* [Task prompt]: Restate the records in full, keeping every word as it is.
==== Material for this task
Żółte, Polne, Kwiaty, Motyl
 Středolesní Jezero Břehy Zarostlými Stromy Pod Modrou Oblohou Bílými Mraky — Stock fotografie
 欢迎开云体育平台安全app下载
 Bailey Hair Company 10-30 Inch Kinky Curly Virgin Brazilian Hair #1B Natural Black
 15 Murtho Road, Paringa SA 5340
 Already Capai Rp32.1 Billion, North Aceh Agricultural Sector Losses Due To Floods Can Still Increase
========
* [Solution to the exercise]:
Żółte, Polne, Kwiaty, Motyl
 Středolesní Jezero Břehy Zarostlými Stromy Pod Modrou Oblohou Bílými Mraky — Stock fotografie
 欢迎开云体育平台安全app下载
 Bailey Hair Company 10-30 Inch Kinky Curly Virgin Brazilian Hair #1B Natural Black
 15 Murtho Road, Paringa SA 5340
 Already Capai Rp32.1 Billion, North Aceh Agricultural Sector Losses Due To Floods Can Still Increase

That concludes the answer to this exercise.